TORONTO — General Motors has restarted production at its assembly plant in Ingersoll, Ont., even as a strike by U.S. autoworkers enters a fourth week.
The company shut down the plant last week according to a schedule that was set well before the start of the strike by about 49,000 members of the United Auto Workers.
Unifor president Jerry Dias had expected the Ingersoll plant to have been forced to close by now due to a lack of parts, since the U.S. strike has shut down more than 30 facilities.
“GM was very prepared,” Dias said. He now believes the company can run the plant through to the end of October.
By keeping Ingersoll operational, with about 2,400 hourly staff, GM can also keep about a third of staff at its St. Catharines, Ont., plant going as it supplies engines for the Chevrolet Equinox produced in Ingersoll.
The U.S. strike, however, has forced the closure of GM’s Oshawa Assembly Plant for about 2,000 temporary layoffs, and another 730 temporary job cuts at the St. Catharines plant. The plant shutdowns have also led to over a thousand temporary Unifor layoffs at parts suppliers dependent on the plants.
Workers are feeling the pinch but are supportive of the U.S. strike, Dias said.
“There’s no question that some of our members, especially in the parts space, are feeling pain, but they’re also in full solidarity with the UAW because we’re living it, we’re living with GM’s decisions, so people are incredibly sympathetic.”
Negotiations in the U.S. have stumbled over product commitments for U.S. factories among other issues, something Canadian workers are also deeply concerned about, Dias said.
“Ultimately GM’s going to have to step out of its comfort zone, because people are frankly sick and tired of watching our plants being shuttered and our jobs moving to Mexico.”
GM is the leader in Mexican-produced vehicles at just over 833,000 last year, according to LMC and the Center for Automotive Research, a think-tank based in Ann Arbor, Michigan.
UAW vice-president Terry Dittes said in a letter to members Sunday that the union sent a proposal to the company, and that GM responded with an offer that had been rejected with few changes and no commitments on job security.

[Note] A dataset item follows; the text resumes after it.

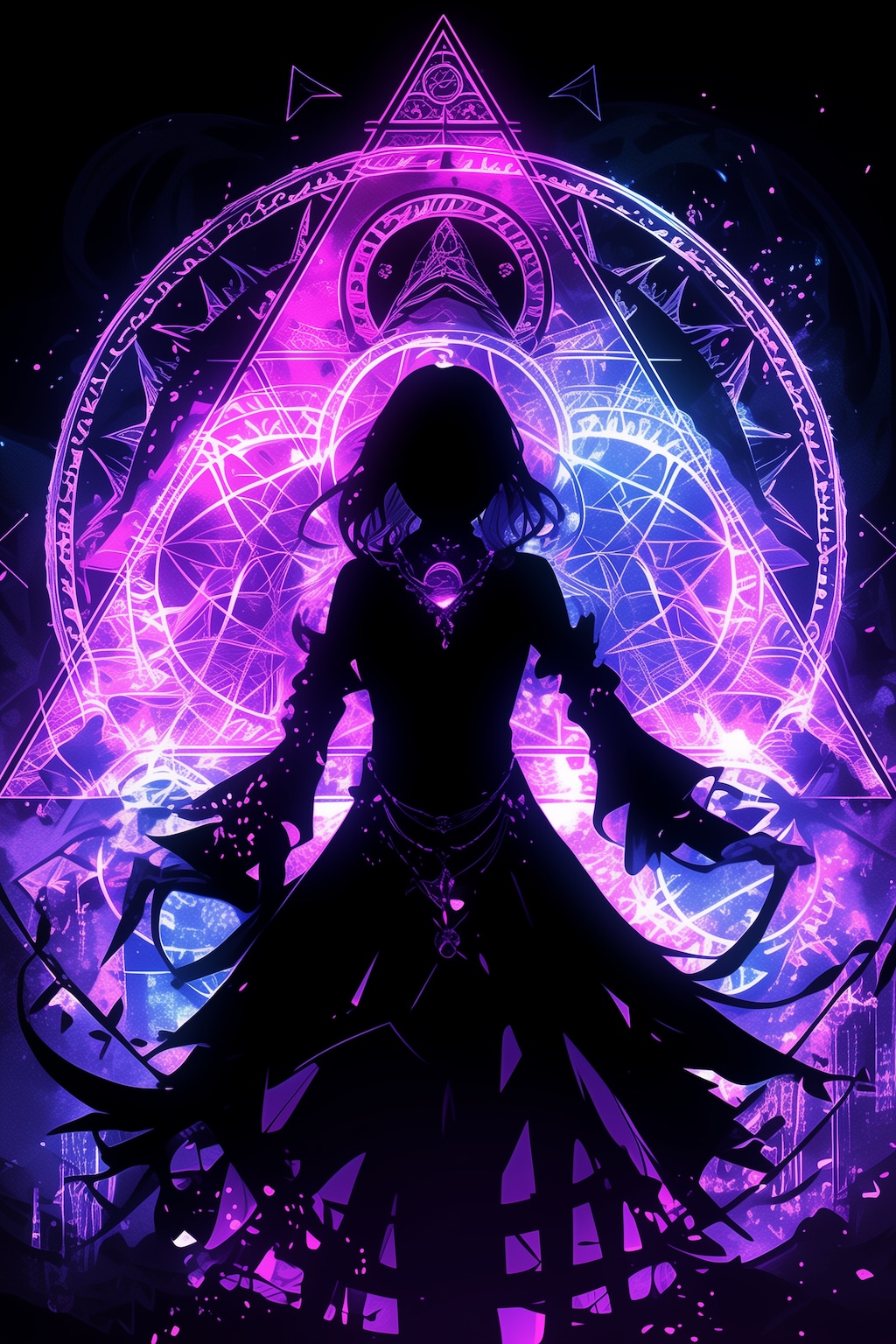 ネオンと幾何学模様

“These negotiations have taken a turn for the worse,” Dittes wrote.
In a statement, GM said it continues to negotiate in good faith “with very good proposals that benefit employees today and builds a stronger future for all of us.”
While the union made strong statements over the weekend, it doesn’t necessarily mean the two sides are far apart, said Flavio Volpe, president of the Automotive Parts Manufacturers’ Association.
“Experience says to me that sometimes when two parties are close, they make loud statements that sound like they aren’t.”
Volpe said it’s hard to estimate the total number of jobs affected in Canada, since many parts suppliers are private and don’t disclose job cuts for competitive reasons.
Guelph, Ont.-based parts producer Linamar Corp. said last week that the strike was costing it about $1 million a day. Magna International Inc. and Martinrea International Inc. did not respond to requests for comment. Industry analysts say GM itself is losing more than US$80 million a day as the strike continues.
Canadian GM dealerships are also starting to report some delays in parts deliveries.
GM spokeswoman Jennifer Wright said Canadian hubs are still operational and fulfilling most orders, but that parts shipments from the U.S. have been impacted. She said the company and dealers are “working to minimize the impact to customers.”
Striking workers have said they want a bigger share of the more than US$30 billion in profits that GM has made during the past five years. But the company wants to cut its labour costs so they are closer to those at U.S. factories run by foreign automakers, mainly in the U.S. South.